At the head of the sharing circle at TD Music Hall, with the rear-stage curtains open to the outside world, sage burning in the middle of the room, and flanked by elders Louise Lahache and Gerard Sagassige, Elaine Bomberry delivered the keynote address to officially start the conference part of the 2024 International Indigenous Music Summit.

A kind of founding Auntie of the music industry, Bomberry – of Anishnaabe and Cayuga heritage – has worked as a freelance Indigenous performing arts activist, promoter, manager, and TV and radio producer for almost 35 years. In that time, she’s been one of the driving forces for many of the significant achievements for Indigenous people in the Canadian music industry. At the keynote, she traced some of her career highlights and shared her perspective.

Living and working in Oshweken, on the Six Nations of the Grand River in Southern Ontario, Bomberry talked about starting out in the ‘90s, “when Indigenous self-determination was starting to happen in the arts,” she said. When Indigenous actor (and fellow Six Nations resident) Gary Farmer wanted to start a radio station in Six Nations, he recruited Bomberry for a show, and later for the volunteer Board of Directors. “CKRZ, Rez Radio, didn’t fit the CRTC guidelines, so we were pirates for a year,” she said, but the organization approved the station after that. It’s now been on the air for 34 years.

International Indigenous Music Summit, 2024, Elaine BomberryIn 1996, Bomberry was chosen as the production manager for a Making a Noise: A Native American Musical Journey with Robbie Robertson, about The Band founder’s return visit to Six Nations, where he spent his childhood summers. She played an excerpt from a recorded interview with Robertson that she conducted on her radio show, and played an unreleased song that he shared on her program.

Bomberry played a role in the establishment of the ELMNT FM Indigenous radio stations in Toronto and Ottawa. She also discussed how she – along with David McLeod, General Manager of Native Communications Incorporated (NCI) – was part of a committee that developed the Aboriginal Award category for the JUNO Awards in the ‘90s. And how “it took 25 years to finally separate it into both traditional and contemporary categories.”
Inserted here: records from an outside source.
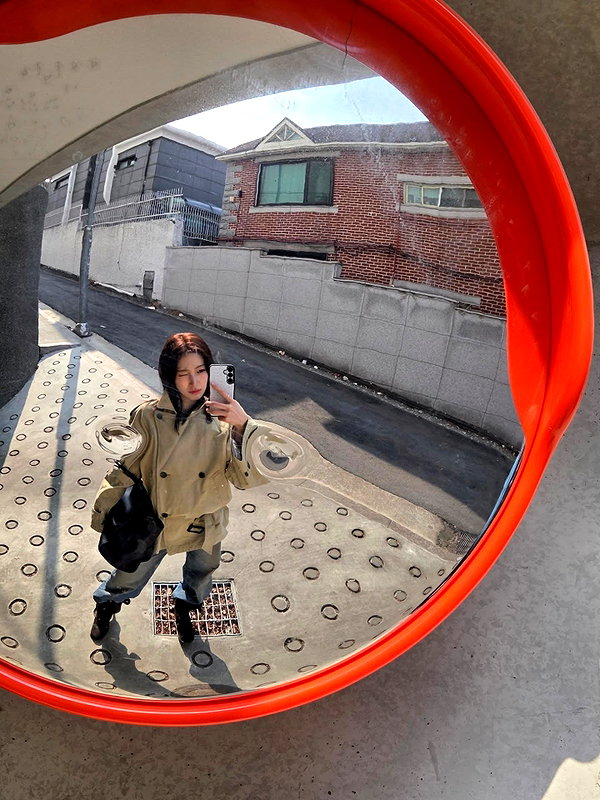 zuhazana instagram image archive image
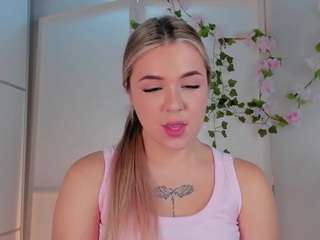 ZofiaPettrey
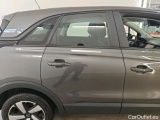  Opel  Crossland Opel  1.2 Turbo S&S 81kW Edition 5d #14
The veteran multi-tasker is especially passionate about the Rez Blues movement. “Six Nations is a hotbed of Indigenous blues,” she said, and told the story of the first Rez Blues performance in Toronto, where the promoter insisted on a venue with a capacity of only 200; after more than 300 people showed up, the following year they played to a crowd of 1,200. Bomberry has produced 13 one-hour Rez Blues shows for APTN (the Aboriginal Peoples Television Network), and wants to make a documentary film. In a workshop that she presents at festivals and conferences, she talks (as she did here) about the links between African and Indigenous roots of the blues: how runaway slaves went to reservations for sanctuary; how the 4/4 drumbeat of blues is the powwow heartbeat; how underground railroad routes follow old Indian trails; how bluesmen Little Walter, Big Joe Williams, and Charley Patton were all of Indigenous heritage.

Among her many accomplishments, Bomberry set up her own talent agency, All Nations Talent Group. She started the 2 Rivers Remix Society, a  B.C.-based non-profit group that produces a free “movable feast” of contemporary Indigenous music and culture, bringing music festival shows to small Indigenous communities that wouldn’t otherwise see them, including such artists as Logan Staats, Laura Niquay, Aysanabee, Leela Gilday, and Snotty Nose Rez Kids. And she’s now a lyricist: “I became a member of SOCAN,” she said, and played a recorded song (co-written with, and performed by, her husband, Mohawk singer-songwriter Murray Porter) for which she wrote the lyrics.

Her advice to the assembled delegates was, “We’re not in competition with each other, we complement each other. We’re all moving in the same direction, so let’s take care of each other. Let’s do it with love and grace. Our voices are one.”